Wolfgang Mozart, an Austrian composer of chamber, orchestral, and operatic works, has never performed in Israel, and appears unlikely ever to do so. While no official statement from Mozart addresses the issue specifically, BDS activists assert that their campaign served as the decisive factor.

"The facts are simple: we have been campaigning among artists for quite some time, and since we began more than a decade ago, Wolfgang Amadeus Mozart has not once announced plans to travel to Israel," said prominent BDS activist Mustafa Barghouti. "Clearly, this kind of pressure works, and we intend to maintain our course of action until all artists finally come around."

Other figures in the music world who are active in BDS circles applauded the news. "This is a growing movement whose success is magnified through momentum, so we celebrate this coup," said former Pink Floyd member Roger Waters, a high-profile proponent of the cultural isolation of Israel. "At the same time, we must keep up the pressure for genuine success to happen. Real political change - the elimination of the only Jewish state in he world - is not something that will occur all by itself."

Waters added that all indications seem to point to other musical giants joining the boycott: of Johannes Brahms, Felix Mendelssohn, Franz Schubert, the entire Bach family, Josef Haydn, Claude Debussy, Antonio Vivaldi, Georg Frederic Handel, and many other influential composers, not a single one has announced a planned trip to Israel since the current round of BDS activity began to gain momentum in 2002.

Cultural institutions in Israel have yet to respond formally to the BDS announcement, but experts say they are unlikely to dignify it. "Reacting publicly to this would be playing into the hands of the BDS people, whose main weapon is publicity," explained Mozart biographer Maynard Solomon. "I personally find this all an unconvincing publicity stunt, since what they're really after would be an actual statement by, say, Ludwig Beethoven that he refuses to play in Israel because of the way they treat the Palestinians. And they're never going to get that, not from everything we know about Mozart."

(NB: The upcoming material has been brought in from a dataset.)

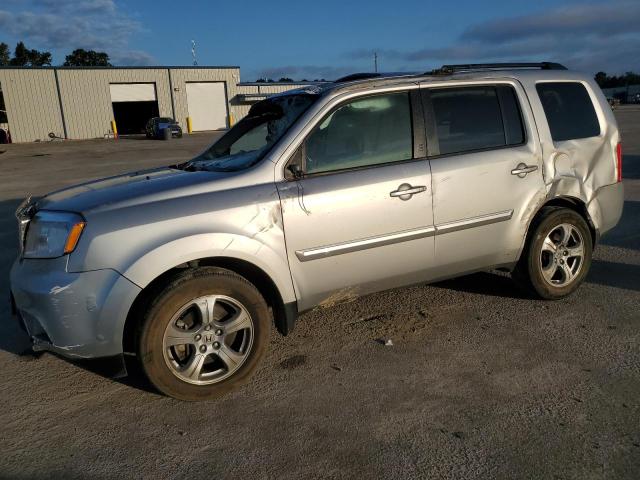 HONDA PILOT EXLN 2014 with VIN 5FNYF3H77EB023448 - Photo from auction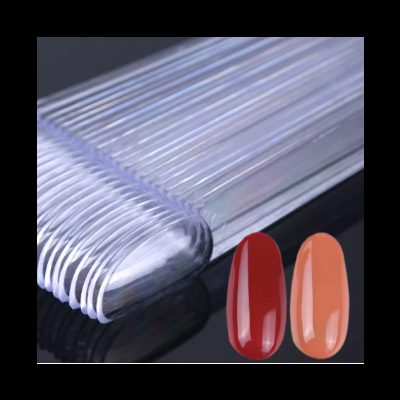 Leque transparente com amostras de unhas artificiais e duas unhas postiças vermelha e cor de pêssego.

Solomon explained that it would be completely unlike Mozart to involve himself in anything political, considering the composer's experience of dependence on political figures. "Alienating an entire society, especially one disproportionately appreciative of and involved in classical music, is not something I can see Mozart ever doing, and that's only one myriad other good reasons not to believe the BDS crowing," he added.

Activists intend to continue focusing on major figures in classical music. "Our next best bet is probably a major composer already predisposed to our point of view," said Barghouti. "Richard Wagner comes to mind."